The custom of remembering the dead during November as the leaves turn and the light fades, continues to resonate from my Catholic background. To observe this time of year, my husband and I like to recollect our personal saints through a pilgrimage to local cemeteries where our relatives are buried, a tradition that began with a powerful cemetery moment while we were engaged.
My mother had died of breast cancer when I was seven years old and on an early November Sunday 20 years later, I felt an urge to visit her grave though I’d never done so before. Joe and I drove out to the suburban cemetery not knowing the grave location but foolishly confident that we’d find it. We enjoyed a lovely walk over even grassy terrain, encountered many familiar names on the flat stone markers, and intuitively grasped the “communion of saints” that embraced us.
But admitting defeat on our quest, we rounded the last corner of the section we had been searching to head back to the car. Then suddenly, her name was in my face as though the words on the marker had leapt into the air. Not 10 feet from where we had parked, but in the opposite direction from which we started, was my mom’s grave. The stone sits on a very slight, almost imperceptible incline that was just enough to distinguish it. It seemed like my mom’s way of reaching out to me across the years. Joe and I could hardly breathe due to laughing and crying at the same time as we stood there, hugging.

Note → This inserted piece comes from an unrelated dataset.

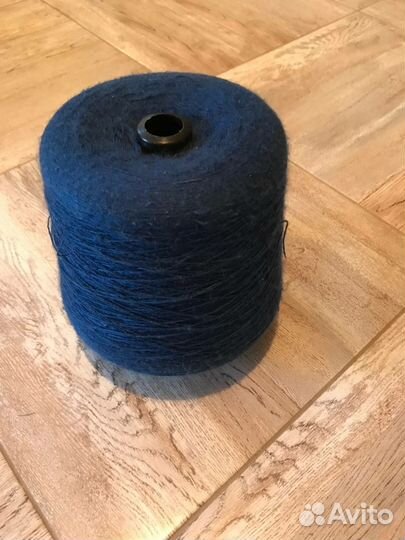 Пряжа для вязания на бобинах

Now 20 more years have passed, and I appreciate the ongoing impact of that single instant. Throughout our marriage, that “great cloud of witnesses” has been so present to us, especially in cemeteries. Such November excursions became a family event for several years when our children were younger. Sometimes we’d bring crayons and paper and make rubbings. Destinations can vary. We might head to the west side of town to visit Joe’s dad’s relatives. Or we both have extended family at St. Mary’s Cemetery, located more centrally, my mother’s parents and grandparents, as well as Joe’s maternal great-grandparents.
Joe’s maternal grandparents are buried in our favorite cemetery, Spring Grove, not far from St. Mary’s. An arboretum as well, it’s very stately with lots of monuments, mature trees and several ponds. A plaque on a rock at one intersection lists the names of soldiers from the American Revolution who are buried there, and they regularly offer tours of Civil War graves or other historical themes. I didn’t know this grandmother, so I like to hear Joe’s fond reminiscences.

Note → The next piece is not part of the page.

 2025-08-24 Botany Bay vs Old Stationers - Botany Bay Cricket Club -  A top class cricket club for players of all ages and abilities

Year by year, our litany of people to remember and visit has grown to encompass friends’ parents, more and more aunts and uncles and even a sibling, a spouse and children of various friends. Although no visit has ever equaled the first in dramatic impact, in the stillness of the cemetery, where time almost seems suspended, little is said but much is communicated between us and our departed loved ones.
Our newest saint is Joe’s mom, who died in late August and was buried in the plot beside her parents at Spring Grove. As we approached the grave site after her funeral, the slope and curve of the road and the nearby stand of evergreen trees felt so familiar that it truly seemed we had brought her home. Though it was very hard to say goodbye, we knew that we’d be back.